When conflicts break out, civilians are always at risk of violence, and the protection of women and girls is therefore an important responsibility the international community must shoulder. To that end, peacekeeping operations need to strengthen cooperation with humanitarian organizations, so that the voices of the people in the area where a conflict is raging may be heard and their problems properly addressed. We also must strengthen governance in such countries, including the rule of law and protection of human rights, promote security sector reform, including in the military and police sector, and ensure that a gender perspective is incorporated into all of these activities in order to protect women and girls.
And another point to be borne in mind is that efforts for peace and security must be accompanied by social and economic development. In particular, for achieving stability in post-conflict societies, not only must there be reconstruction at the country level, it is also essential to rebuild communities and empower people affected by conflicts, employing a bottom-up approach. Women must participate fully and effectively in the reconstruction of society, development, and formulation of post-conflict strategies. And cooperation with civil society is vital. These elements constitute the human security approach, to which Japan attaches great importance.

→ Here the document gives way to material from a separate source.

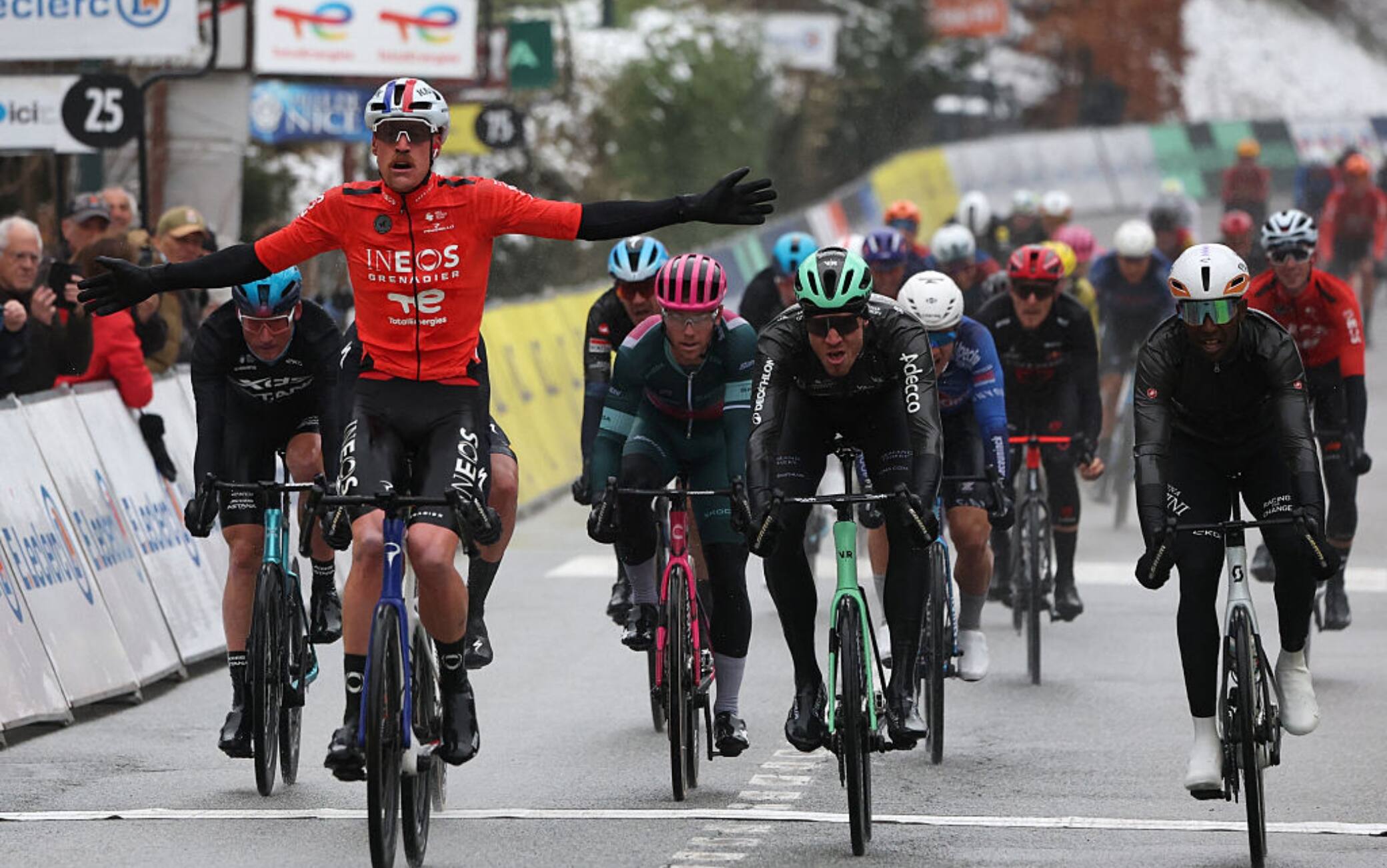 Parigi-Nizza, a Godon la 7^ tappa. Vingegaard sempre in maglia gialla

In its "Initiative on Gender and Development (GAD)," which it announced in 2005, Japan stipulated that in the implementation of ODA in countries under conflict and immediately afterwards, the needs of women and the vulnerable would have to be properly considered, from the perspective of gender, in all phases of the continuum from emergency humanitarian assistance to post-conflict peacebuilding. Through this initiative, Japan has been contributing to the implementation of resolution 1325.

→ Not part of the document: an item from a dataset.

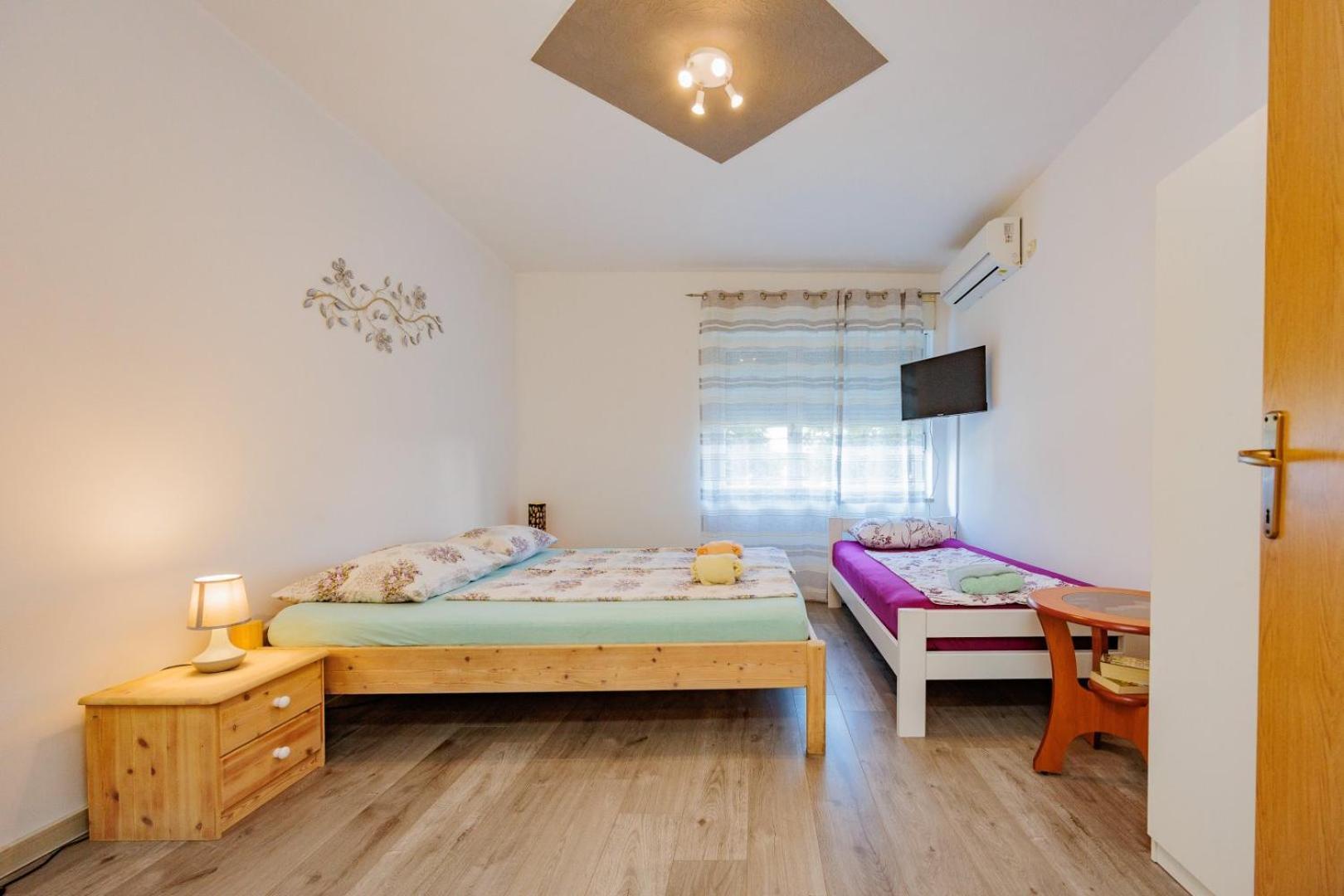 Crowonder Lucky Holiday House With Pool And Patio 30 Meters From The Beach Задар Екстериор снимка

In Afghanistan, where many women still face poverty and violence, Japan has been providing a range of support for women, including efforts to promote their economic empowerment and reduce poverty. Now, at this critical moment for the country, Japan is committed to enhancing its assistance for the empowerment of women, with a view to helping Afghan women transform themselves from the victims of conflict to agents of peace.
By applying a gender perspective in the fields of peacekeeping and peacebuilding, the Government of Japan has been attempting to create an environment in which more women can play active roles.
To cite a few examples of its efforts in this area, Japan has sent female Self Defense Force personnel to train peacekeepers in Africa, and it is also accepting at its National Defense Academy women from Timor-Leste who are expected to join that country's national forces. In the Democratic Republic of Congo, as part of its assistance to democratize the police sector, it is providing training to a number of women police officers, with a view to protecting and promoting the human rights of women and children. Through its Program for Human Resource Development in Asia for Peacebuilding, which targets both Japanese and Asian participants, Japan also has trained 55 women as professional civilian peace-builders over the last three years, and many are now working in the field.
In preparation for this tenth anniversary of the adoption of the resolution, the partnership among all stakeholders was strengthened through the establishment of the High-Level Steering Committee and the Civil Society Advisory Group. Today, however, we need to reaffirm our commitment to implementing that resolution, and to maintaining the momentum generated at this meeting over the next ten years. For its part, Japan also would like to reaffirm its commitment to implementing resolution 1325, both on its own and working with the rest of the international community.